De confortables transats sous les palmiers, une villa japonaise meublée et équipée d'un spa, une salle de sport dernier cri, un vanity-case débordant de produits cosmétiques, des assiettes de sushis... Il ne s'agit là que d'un bref aperçu de ce que propose Skea Design dans ses rayons. Mais aucun de ces objets emblématiques de notre mode de vie moderne n'est disponible à une taille normale: ce sont des miniatures en papier destinées à accompagner les défunt dans l'autre monde, au moment de leur incinération.

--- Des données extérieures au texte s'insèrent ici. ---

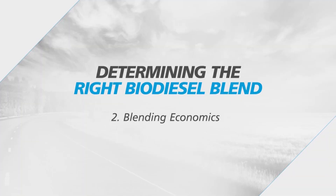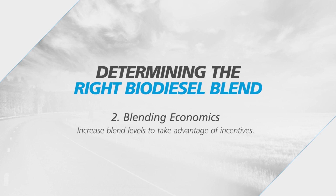Second, what are the blending economics? If economics are very positive, if there's money to be made from higher blends of biodiesel, then it makes sense to go from a B2, a B5, potentially all the way up to B20. You want to make sure that you're taking full advantage of all of the state incentives. For example, in Iowa, there's an incentive for B5, a 4.5 cents per gallon retailer incentive, and now there's an additional tax break for B11 blends and higher.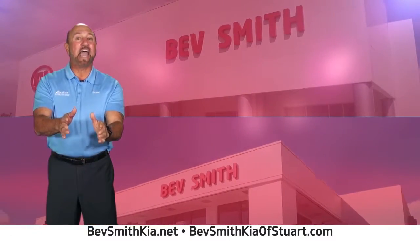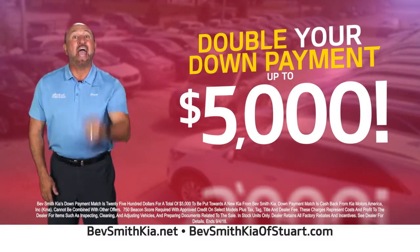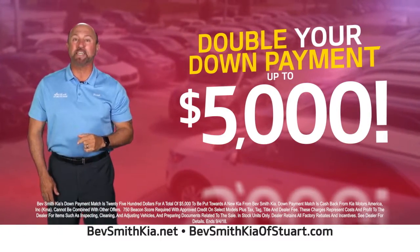Get to Bedsmith Kia today, and we'll double. Double? That's right. Double your down payment up to $5,000. So if I put $2,500 down, then I'll put $2,500 down, and you'll get $5,000 towards your new Bedsmith Kia.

Avec sa gamme de produits hétéroclites et son nom très tendance, Skea Design pourrait passer pour une énième boutique de gadgets. Mais non, l'équipe de designers de Skea tire une fierté particulière dans le fait qu'elle réinterprète une tradition chinoise ancienne : « Nous croyons sincèrement que ce que nous fabriquons sera utilisé par nos proches et nos amis dans l'autre monde », affirme Yean Han [韓灩], la directrice de l'entreprise.

Lors des obsèques, les maisons miniatures, ainsi que la reproduc tion de la plupart des objets qui font la vie quotidienne du défunt, seront brûlés à titre d'offrandes, afin que, conformément aux croyances populaires chinoises, le disparu puisse en bénéficier dans l'au-delà. « Le principe qui sous-tend cette pratique est que nous devons traiter les morts comme nous traitons les vivants », explique George Chen [陳繼功], directeur de la société de pompes funèbres De-Yuan.


La vie à fond, ici et dans l’au-delà !

Certains rêves pourront peut-être se réaliser dans l'autre monde.

Il explique que la règle fondamentale qui préside à l'organisation des obsèques, dans la tradition, est d' « empêcher la manifestation des mauvais esprits et favoriser la bonne chance ». C'est pour cette raison, note-t-il, que les pompes funèbres sont notamment chargées de déterminer la journée adéquate pour une telle cérémonie. Il est aussi vital que du sel et des grains de riz soient jetés sur le cercueil chaque fois que celui-ci est déplacé. « Chaque opération, très compliquée, a un sens », souligne-t-il.

Il n'est pas étonnant que ces cérémonies aient atteint des sommets de complexité, puisqu'elles sont aussi le résultat d'une évolution des rites, inspirés de traditions bouddhistes, taoïstes et confucianistes vieilles de plusieurs centaines d'années, remarque-t-il. Il précise cependant que la pratique consistant à brûler des effigies en papier n'a pratiquement pas évolué depuis la dynastie des Tang, (618 -907 ap. J.-C.).

Ce qui est le plus important dans ce rite funéraire, c'est l'attention portée au détail, estime Yean Han. « Nous investissons notre énergie dans leur création, parce que nous sommes persuadés qu'ils auront une utilité pour les morts. Nos clients partagent cette conviction avec nous », note-t-elle en soulignant que les matériaux utilisés dans la production de ces objets sont écologiques.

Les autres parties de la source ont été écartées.